Zig tries to keep the low-level C philosophy but have things more well factored and well defined. The result is you _can_ tinker in high-level code, yet "drop down" into low-level code as you desire.
(Compared to rust, you get fewer compiler-enforced guarantees, but unlike C the language isn't trying to make high-level code adversarial).
I haven't really used modern C, not sure if it's evolved as much as modern C++, which I feel is a joy to use, and a lot safer. But then I've been writing C++ for decades.
I feel like C evolved from basically syntax sugar for assembly, so that's where all the footguns come from, rather than being actually adversarial.
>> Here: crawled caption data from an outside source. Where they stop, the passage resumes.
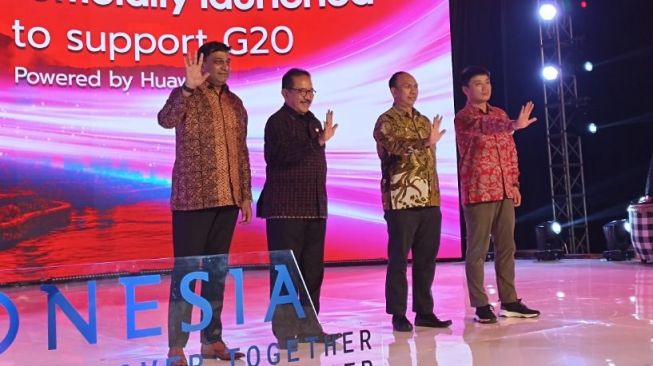 Peluncuran Indosat 5G di Nusa Dua, Bali, Rabu (3/8/2022). [Suara.com/Eviera Paramita Sandi] 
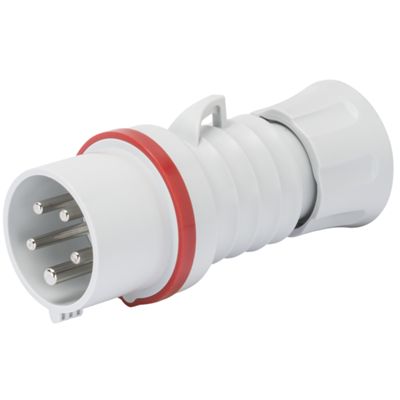 Toma volante roja 3P+T 16A 400V 6H IP44 CR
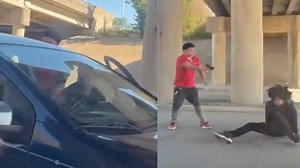 That Escalated Quickly: Dude Nearly Guns Down His Homie After Firing Shots At A Driver During A Road Rage Incident!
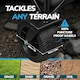 image 3 of 220L Foldable Utility Trolley Garden Home Camping Festivals No Assembly 220kg Load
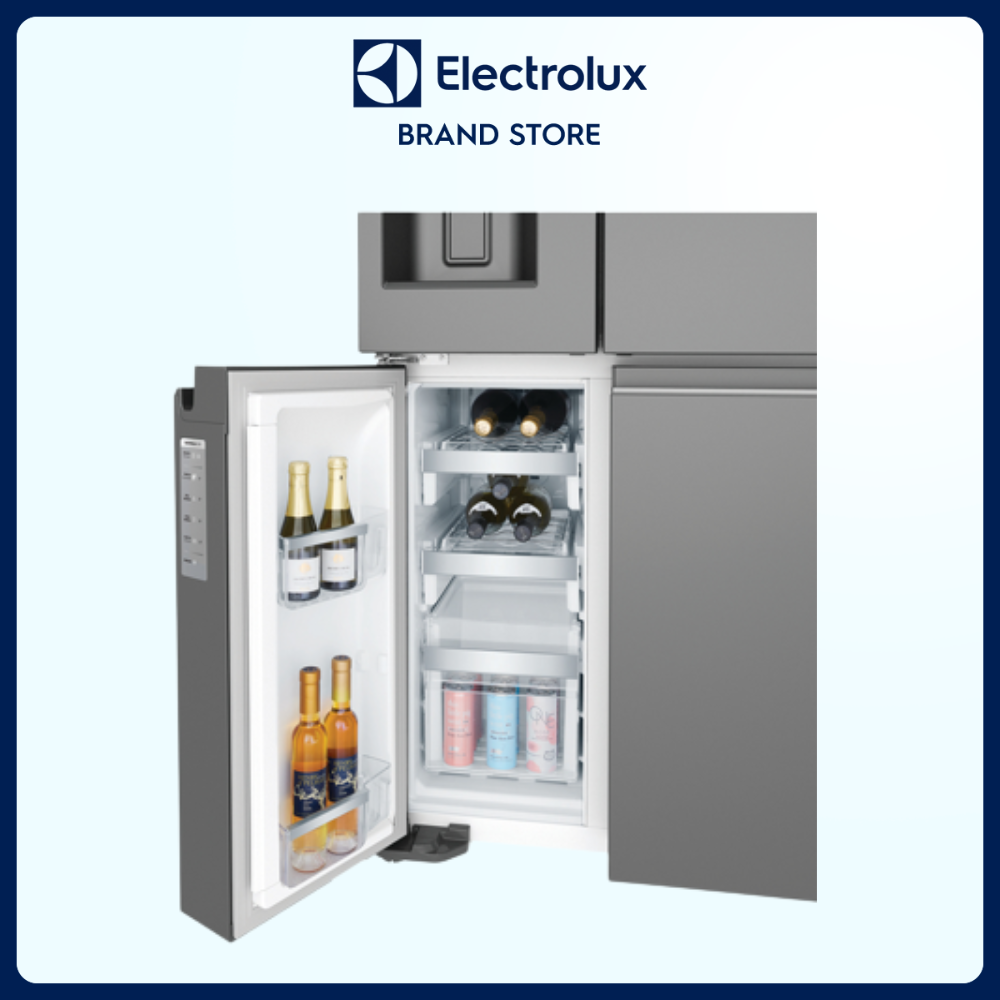 Tủ Lạnh Electrolux Inverter Cửa Pháp 609 Lít - EQE6879A-B - 2 dàn lạnh độc lập, chức năng đông lạnh nhanh, lấy đá nước bên ngoài, khử mùi diệt khuẩn 99,8%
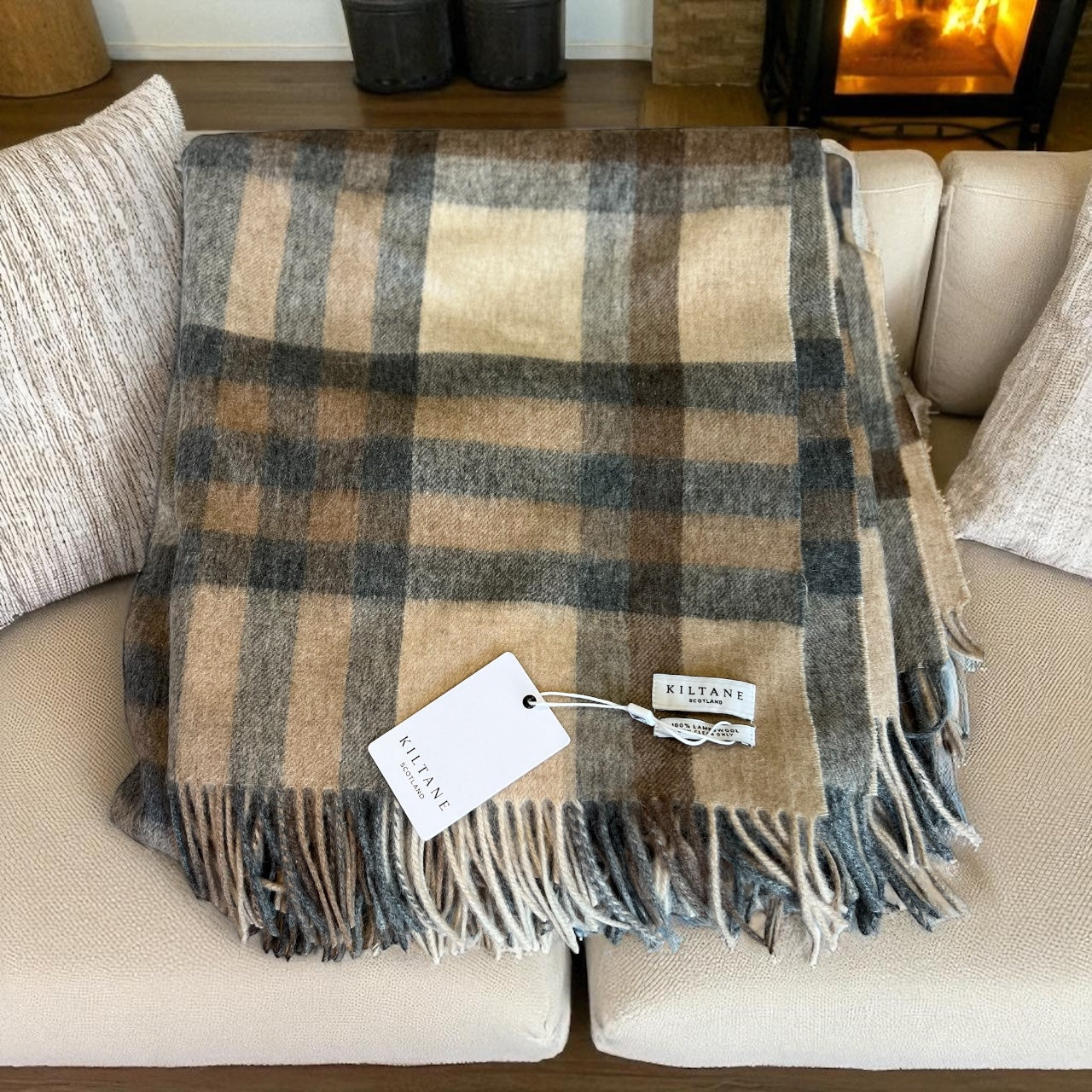 Kiltane 100% Lambswool Tartan Throw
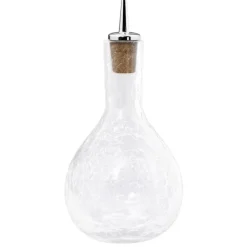 Dash-Bottle, Bitterflasche - Craquelé Glas mit verchromten Ausgiesser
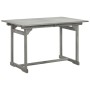 Mesa de comedor jardín madera maciza acacia (120-170)x80x75 cm de vidaXL, Mesas de jardín - Ref: Foro24-316575, Precio: 174,5...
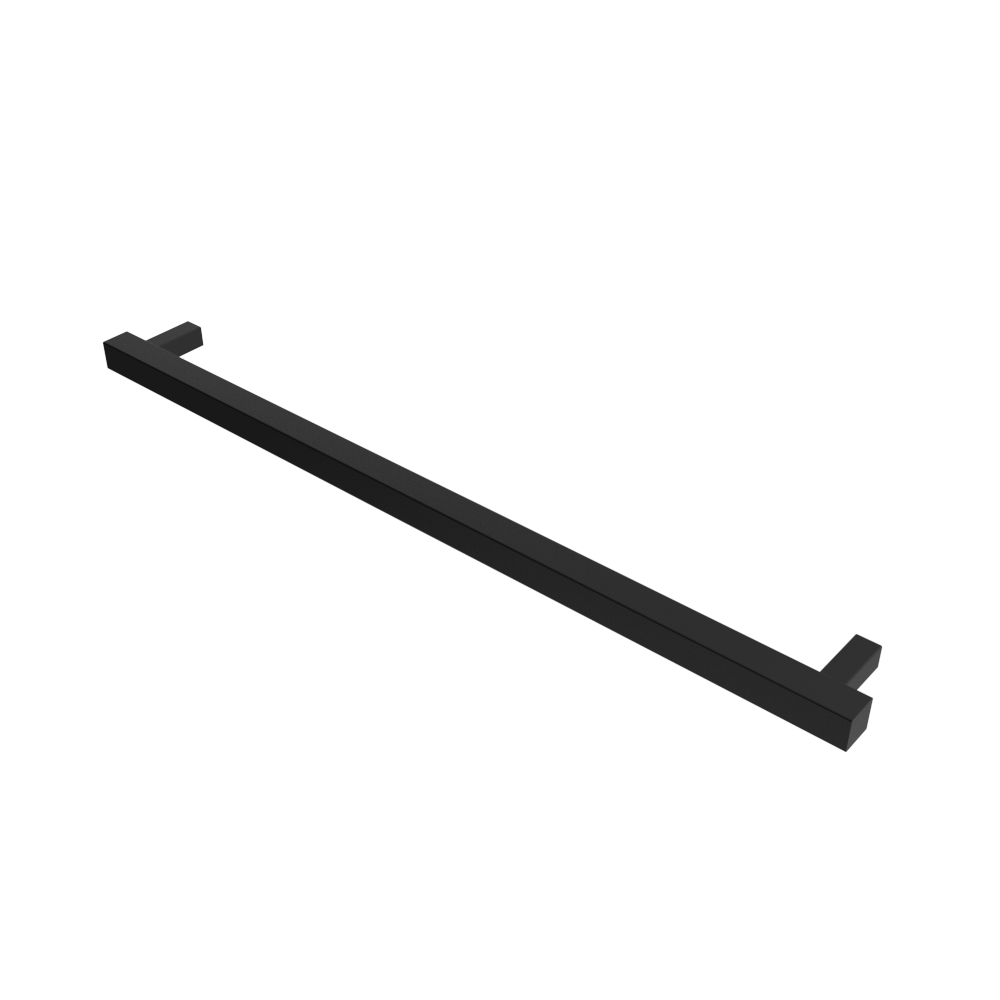 Amba Products i40SQ.MB Modello i Square 40-Inch Hardwired Single Bar Towel Warmer - 4.25 x 39.375 x 1.5 in. - Matte Black Finish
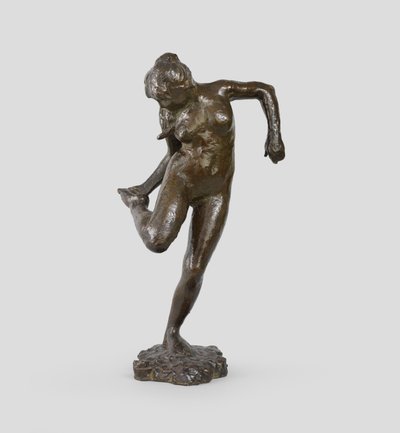 Dançarina olhando a planta do pé direito, Dançarina olhando a planta do pé direito, 1895-1903 de Edgar Degas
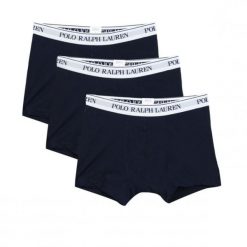 Bokserki męskie Polo Ralph Lauren 3-pak komplet. Niebieskie bokserki męskie Ralph Lauren, bez wzorów, z bawełny. Za 205.30 zł.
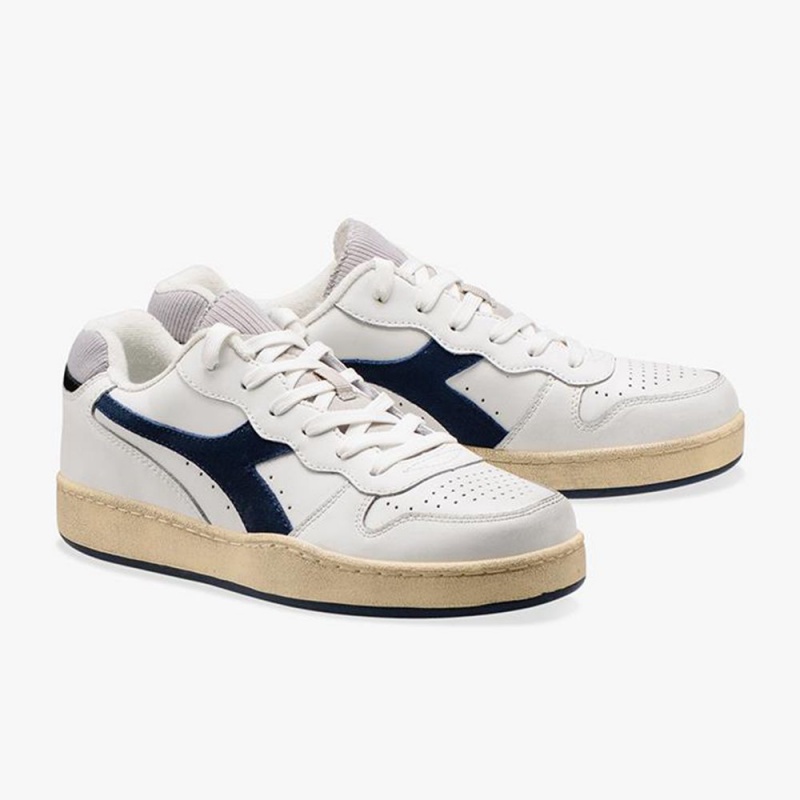 Diadora MI Basket Låga Sneakers Dam Marinblå | ITRBHEN-96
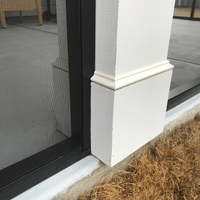 Bronze aluminum screened room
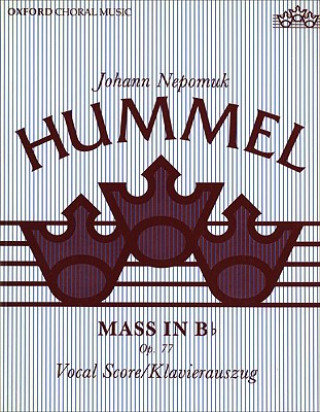 Drucksachen Mass in B flat Johann Nepomuk Hummel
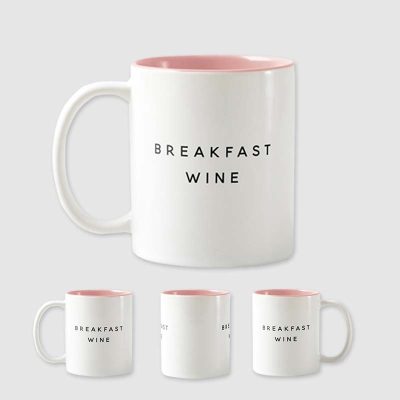pink interior mug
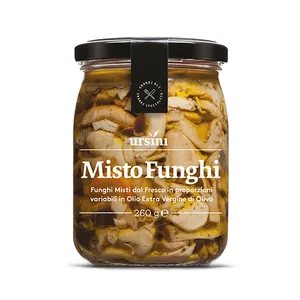 Champignons mixtes italiens, de qualité supérieure, 4 pièces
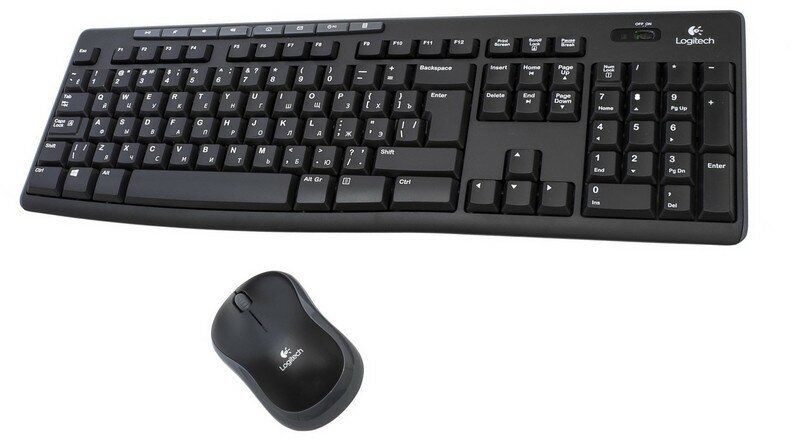 Набор клавиатура+мышь Logitech Wireless Combo MK270 (920-004518)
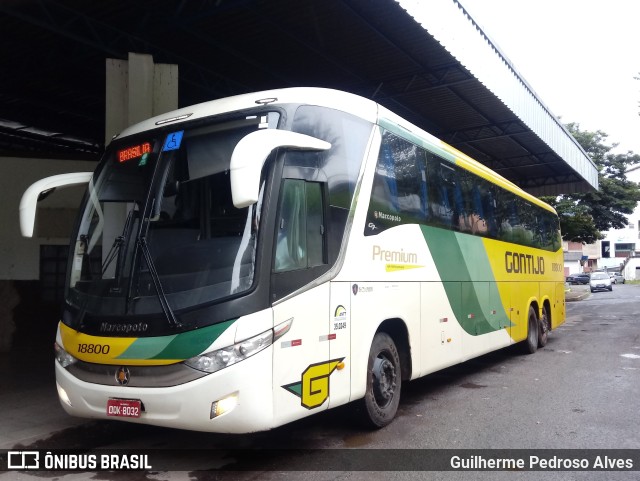 Empresa Gontijo de Transportes 18800 na cidade de Lambari, Minas Gerais, Brasil, por Guilherme Pedroso Alves. Número da foto: #9851186.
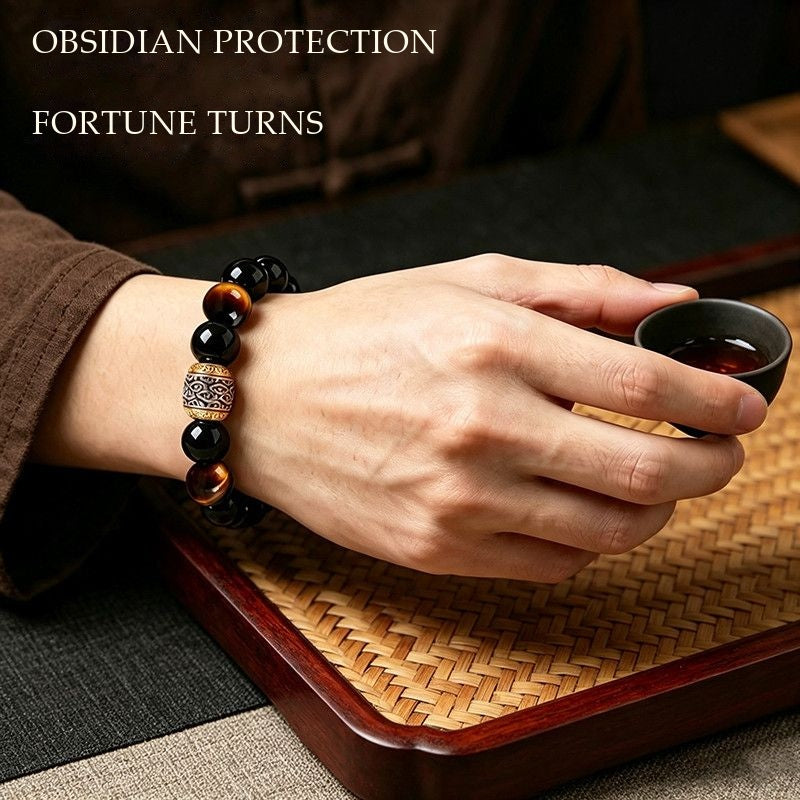 ICH Master Supervised Premium Obsidian & Tiger Eye Bracelet
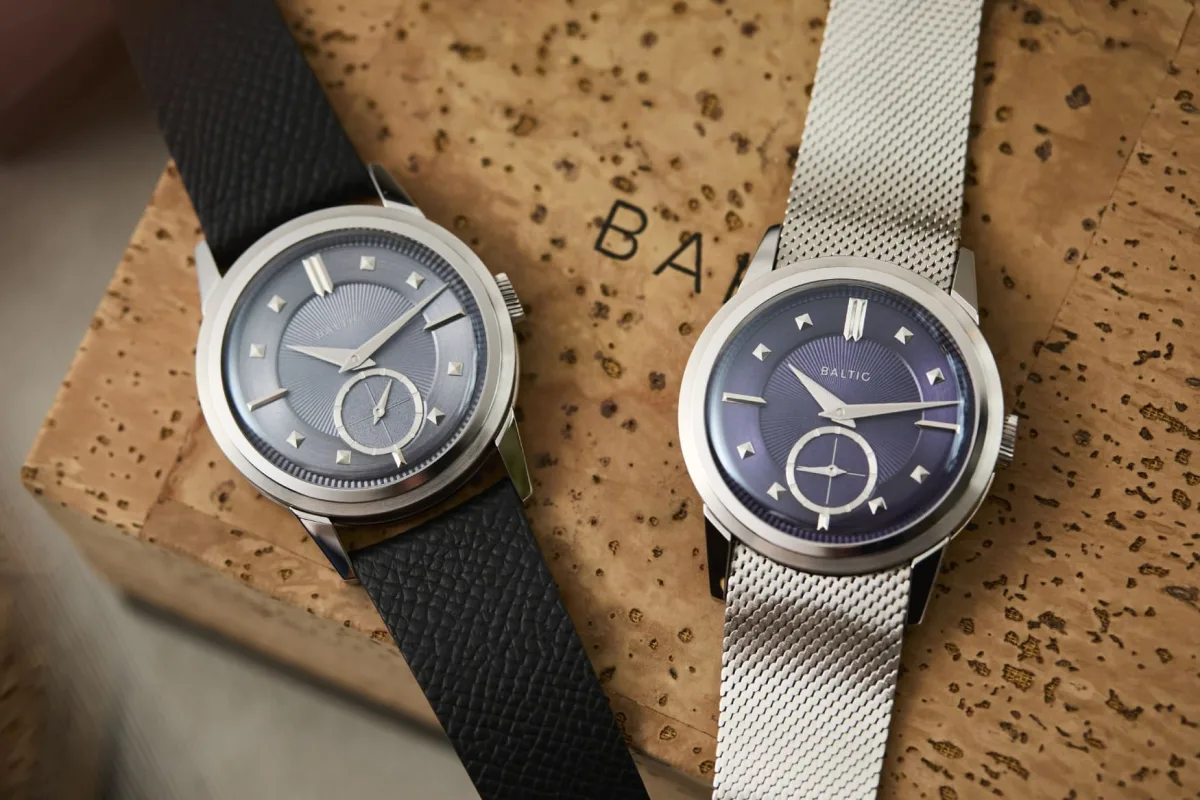 Baltic Prismic watch with Milanese bracelet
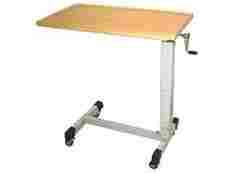 Over Bed Trolley Height Adjustable By Gear Mechanism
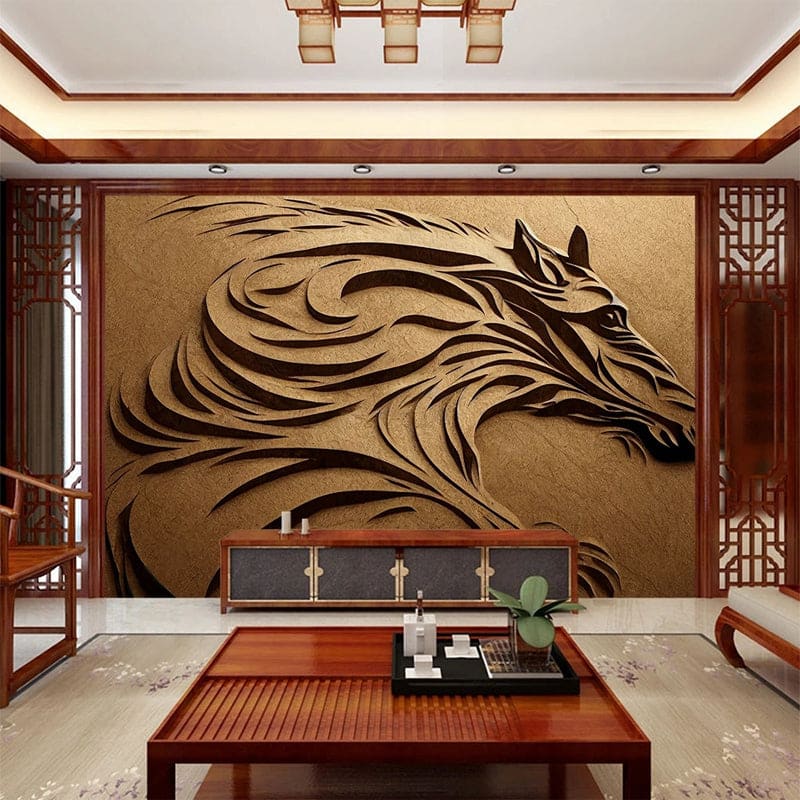 Horse wall painting (Living Room) - Dream Horse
There's no other language quite like Python in this regard. Typescript is a close second, but the lack of metaprogramming facilities, no access to the type annotations at runtime, and the lack of operator overloading make some things needlessly complicated and uglier than they have any right to be.
It requires more of you in some ways, notably that you have to understand the basics of memory management and the behaviour of the stack, but so far I've found the affordances that the language provides for handling this stuff feel very intuitive.
The only sharp edges I've felt so far have been the sometimes hard to guess locations of things in the standard library, and the permenant anxiety that arises from knowing I'm going to be a few more versions behind the current release with every month that passes.
https://ziggit.dev/t/bun-s-zig-fork-got-4x-faster-compilatio...
zig is on its way to improving compilation times in its own pace and does so for the benefit of the project and everyone involved, so what is left to care for about bun by anthropic’s past?
In my experience, this (for now) is mostly aspirational. It's obviously a major goal, and there are clear milestones outlined on how to achieve it, but in practice the initial compile of an empty project or the excruciating pause when you `direnv allow` and ZLS needs to be (re)built are not what I'd describe as "terrific".
It sounds like you are a strong candidate to try out the new improvements mentioned in this devlog and see what benefits you can get for yourself.
The "Expat" here is the MIT license variant. It is referring to the Expat XML parsing library that first used this license.
Usually when projects these days use an MIT license this is the version they use.
I'm not even thinking of AI, but Rust. I guess I'm just uninterested in a "modern C".